Valohai offers remote access to a live execution with SSH (Secure Shell). It is a low-level and agnostic protocol, which makes it usable for a wide array of tasks.

Common use-cases

  • Inspecting the execution using an interactive terminal
  • Connect your favorite IDE debugger like VSCode or PyCharm
  • Low-latency integration with 3rd party tools like Tensorboard

Prerequisites:

  • Remote access is available for enterprise users who are using on-premises, AWS, or GCP environments.
  • Your organization admin needs to enable SSH connection to the workers and edit the firewall rules in your cloud provider.

Configure SSH Access for your organization

Your organization admin will need to configure the organization-wide settings and firewall rules before you can use remote SSH connections.

Define the default SSH port

Define a default port for SSH connections in your organization

  • Navigate to Hi, <name> (the top right menu) > Manage <organization>
  • Go to Settings under the organization controls
  • Set a Default Debug Port for your organization. Note, the value must be above 1023

Allow connections on the selected port

You’ll need to edit the firewall rules in your cloud to allow users to connect to the workers on the defined port.

AWS

In AWS open the Security Group valohai-sg-workers and click Edit Inbound rules to add a new inbound Custom TCP rule:

  • Type: Custom TCP
  • Port range: The port number you specified in your Valohai organization’s settings.
  • Source: Depending on your organization settings you can either set Source as 0.0.0.0/0 to allow connections from anywhere or whitelist certain IP ranges/source tags
  • Description: Allows connecting to Valohai jobs over SSH

Setting the source as 0.0.0.0/0 means that inbound connections will be allowed from all addresses.. However, you’ll still need the SSH Private Key (generated below) in order to authenticate and successfully connect.

GCP

In GCP create a new firewall rule:

  • Name: valohai-fr-worker-ssh
  • Description: Allows connecting to Valohai jobs over SSH
  • Network: The network where your Valohai resources are created (e.g. valohai-vpc)
  • Direction: Ingress
  • Targets: Specified target tags: valohai-worker
  • Source: Depending on the organization settings you can either set Source as 0.0.0.0/0 to allow connections from anywhere or whitelist certain IP ranges/source tags.
  • Specified protocols and ports: * TCP: with the port number you specified in your Valohai organization’s settings. 
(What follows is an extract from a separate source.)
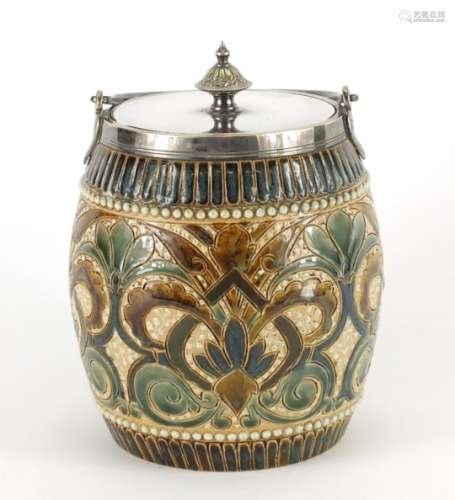 Doulton Lambeth stoneware biscuit barrel with silver plated mounts by Edith Lupton, hand painted and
Setting the source as 0.0.0.0/0 means that inbound connections will be allowed from all addresses. However, you’ll still need the SSH Private Key (generated below) in order to authenticate and successfully connect.

Create an SSH keypair (optional)

An SSH key pair is required for securing the connection. You may re-use an existing keypair, but please be mindful of regenerating it periodically according to your security standards. Note that the debug connection we are establishing here is to the Docker container only and should not be the same one you might be using to access the server where the container runs. 

Valohai can create the keypair automatically for you when starting the execution from the UI but if you want to create the keys yourself, follow the instructions here. 

Use ssh-keygen to create a new SSH key pair.

ssh-keygen -t rsa -b 4096 -N '' -f my-debug-key

This will generate two files:

  • my-debug-key.pub is the public key you paste into UI before starting an execution.
  • my-debug-key is the private key you need for connecting to the execution.
Don’t include the keys in your version control
You should not include these keys in the version control. Anybody that gains access to the valohai-debug-key file contents will have access to your execution, so use appropriate caution.

Start an execution

You can start a job either from the command-line or from the web application.

Valohai CLI

You’ll need valohai-cli version 0.17.0 or higher to run executions with debugging enabled from the CLI. Update your version by running pip install --upgrade valohai-cli on your own machine.

Start a Valohai execution with extra parameters debug-key-file for your public key file and debug-portfor the port you have open for the debug connections.

vh exec run --adhoc --debug-key-file=/tmp/remote-debug-key.pub --debug-port 2222 train

Valohai GUI

start-execution1.png

Start a Valohai execution with the “Run with SSH” enabled.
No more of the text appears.